While the U.S. Supreme Court was unwilling to enter the fray in the New York litigation, and may not do so in the Illinois litigation, another federal court did weigh in on the validity of sales and use tax notice and reporting requirements in the past year. In Direct Marketing Association v. Brohl,67 the U.S. Court of Appeals for the Tenth Circuit ordered a U.S. District Court to dismiss a case in which a permanent injunction had been granted against the Colorado Department of Revenue that prevented the Department from enforcing Colorado's sales and use tax notice and reporting requirements for out-of-state (remote) retailers. After determining that the federal Tax Injunction Act68 deprived the U.S. District Court of jurisdiction to enjoin Colorado's tax collection effort, the Tenth Circuit remanded the case to the District Court to dismiss the Commerce Clause claims raised by the remote retailers. Previously, the U.S. District Court had determined that Colorado's notice and reporting requirements violated the Commerce Clause of the U.S. Constitution.69 In remanding the case, the U.S. Court of Appeals did not consider the merit of the constitutional arguments. On remand, the District Court followed the order of the Tenth Circuit70 and the plaintiff is likely to pursue its claims in the Colorado state courts.

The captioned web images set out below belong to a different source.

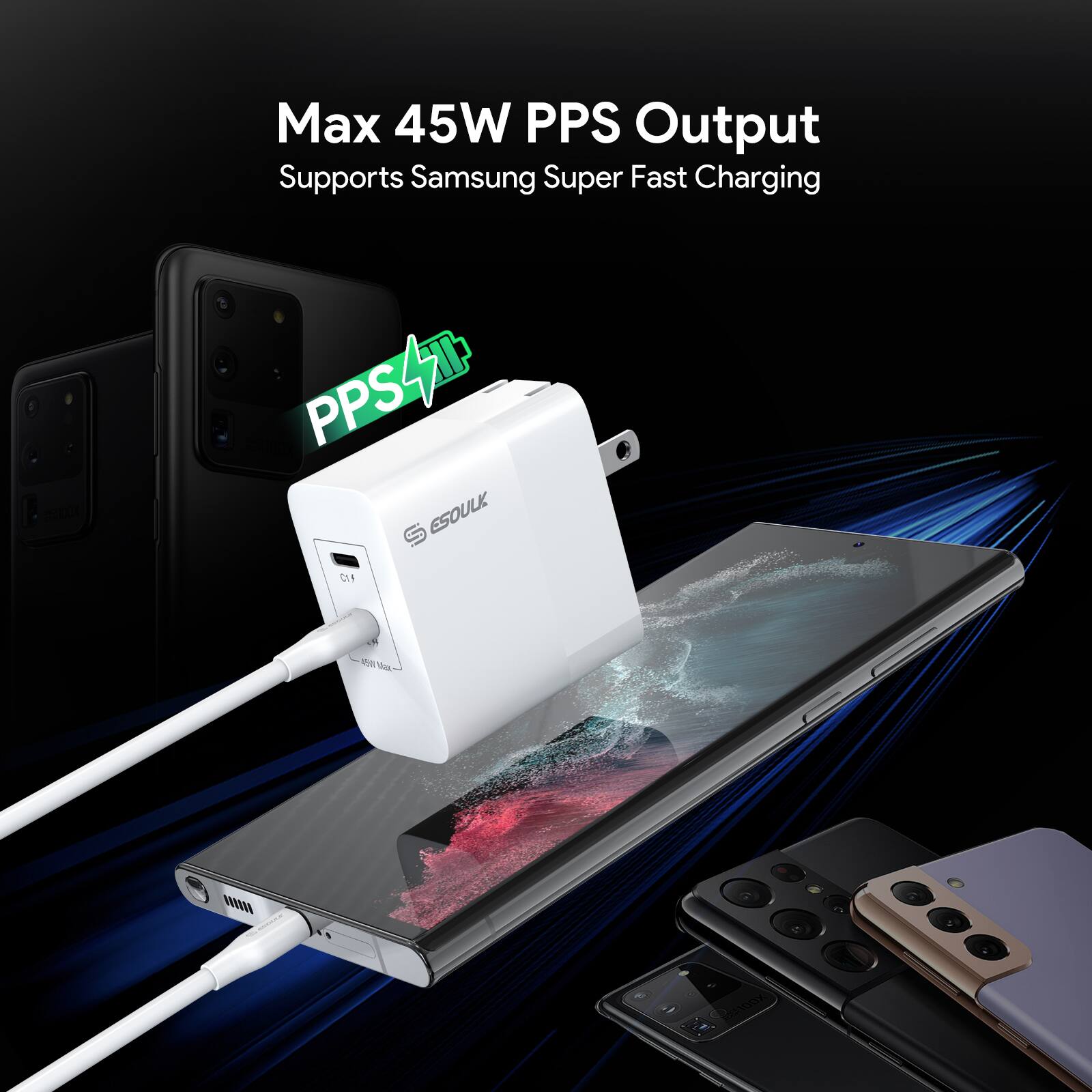 Max 45W PPS Output  
Supports Samsung Super Fast Charging  

PPS 45W  

ESOULK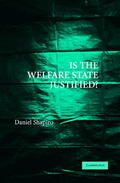 Shapiro |  Is the Welfare State Justified? | Buch |  Sack Fachmedien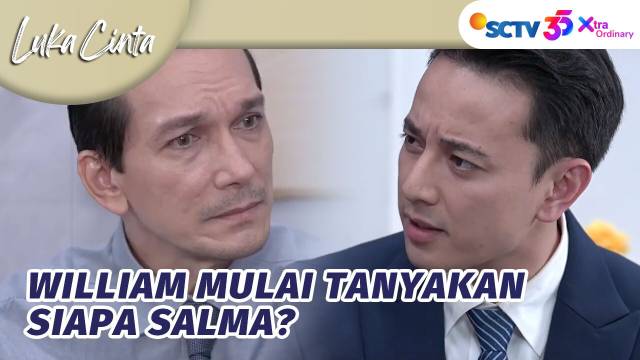 William Merasa Ada Perasaan Berbeda Ke Salma? | Luka Cinta - Episode 307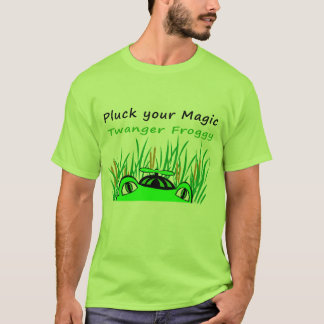 Pluck Your Magic Twanger Froggy T-Shirt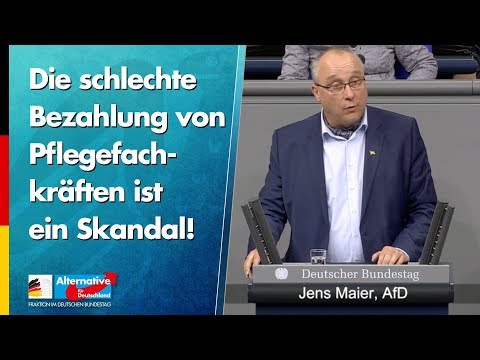 Die schlechte Bezahlung von Pflegefachkräften ist ein Skandal! - Jens Maier - AfD-Fraktion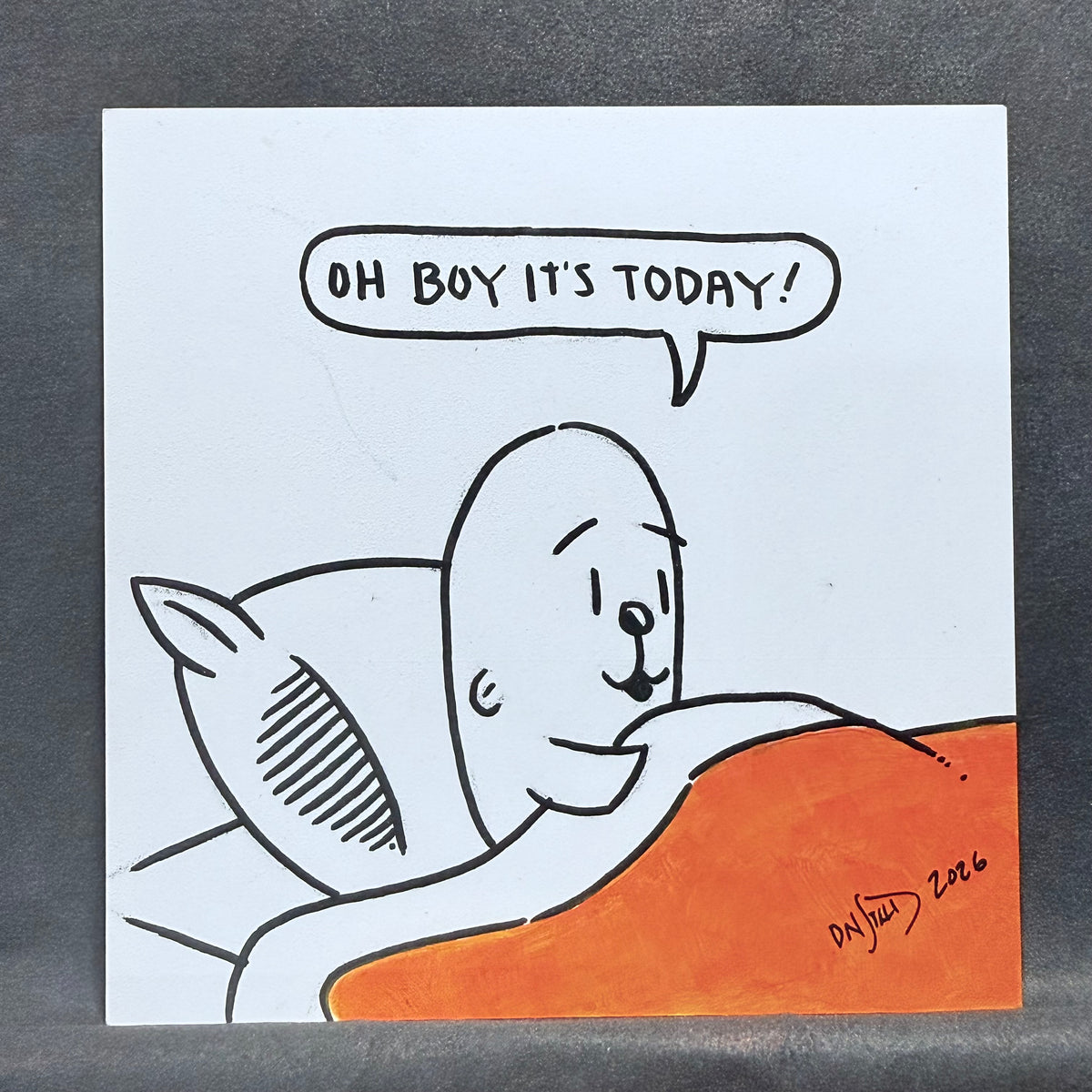 Oh Boy It's Today - 2026 D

9. Broadening the sales tax base and raising the tax rate

Several states attempted to either replace planned individual and/or corporate income tax rate cuts with higher sales tax rates, and/or broadened sales tax bases, with varying levels of success. Proposals to greatly expand the reach of the sales tax to numerous services, including professional services, generally did not materialize, though some level of base-broadening was achieved.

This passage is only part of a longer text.